We bought pretty much every significant historical exploration and production asset in the region. We bought the only mill, and we did not go back into operations. Our strategy was to step back, build up a much larger platform, so that we could then go back and leverage that infrastructure, knowing that we had pre-laid out our growth pathway. So our plan is to build a much larger platform. We're targeting 150,000 ounces per annum of production, first leveraging that infrastructure to take us into operations and then develop our second asset. We've also made some very interesting discoveries in the region. So we've essentially set up a three-stage project plan: build a platform, commercialize it, and grow it. And we've now done that.

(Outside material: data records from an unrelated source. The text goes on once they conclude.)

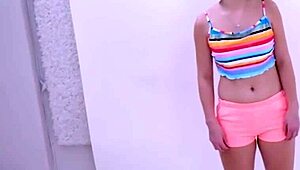 wow a super hot teen meets producer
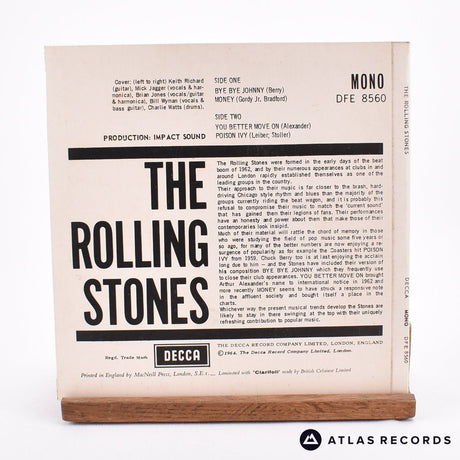 The Rolling Stones - The Rolling Stones - 7" EP Vinyl Record - EX/EX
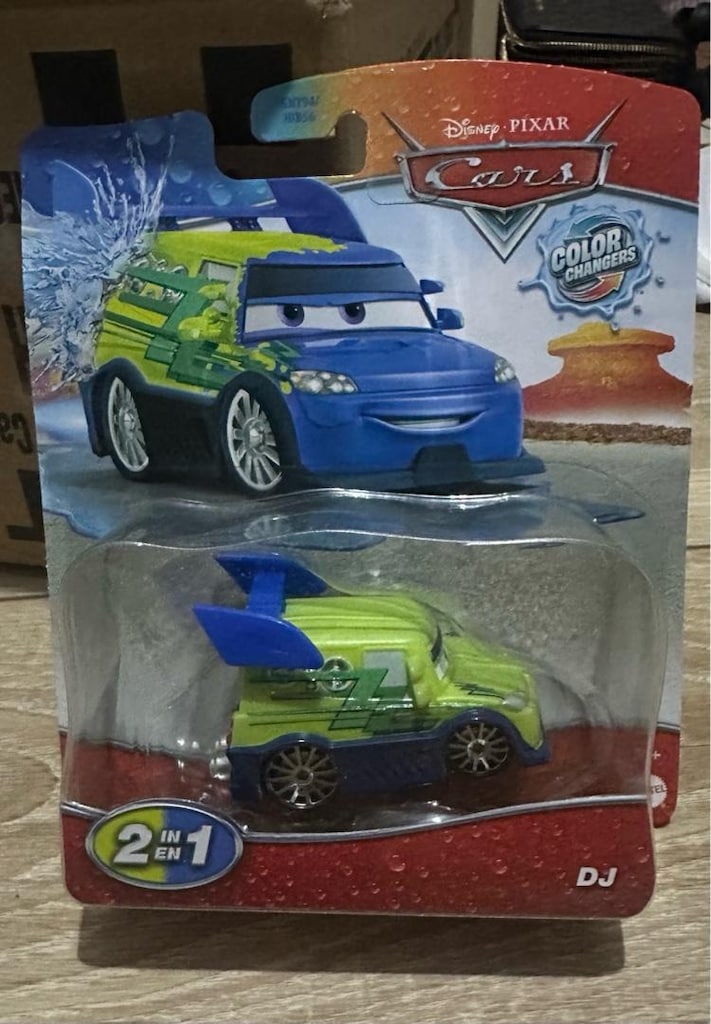Disney Pixar Cars DJ SET - 3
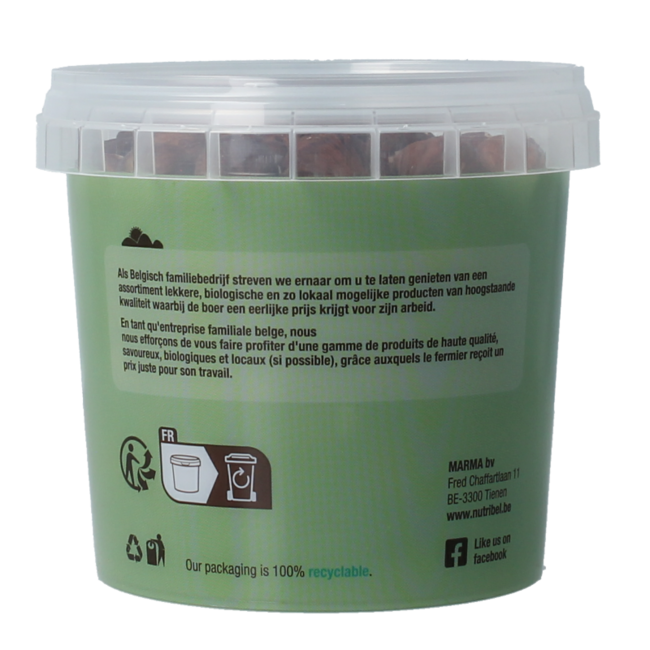 Hazelnuts brown organic 200 Gram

We've essentially completed our first five-year act as a public company, and we now have a platform that can deliver near-term production, medium-term large-scale expansion, and long-term growth. So we've got a lot planned for 2026 as we essentially enter our new or next five-year act as a company, commercializing these things sequentially and going into operations. We have a DFS underway to start operations at our Central Gawler Mill. We're targeting the start of site works by the end of this year, production in 2027. We have upgrade drilling and a PFS to be completed, as well as a mining lease application for our large-scale Tunkillia asset, also all to be done by the end of this year. And we've made a really interesting high-grade silver discovery in the middle of this as well. Now, our capital structure is very simple.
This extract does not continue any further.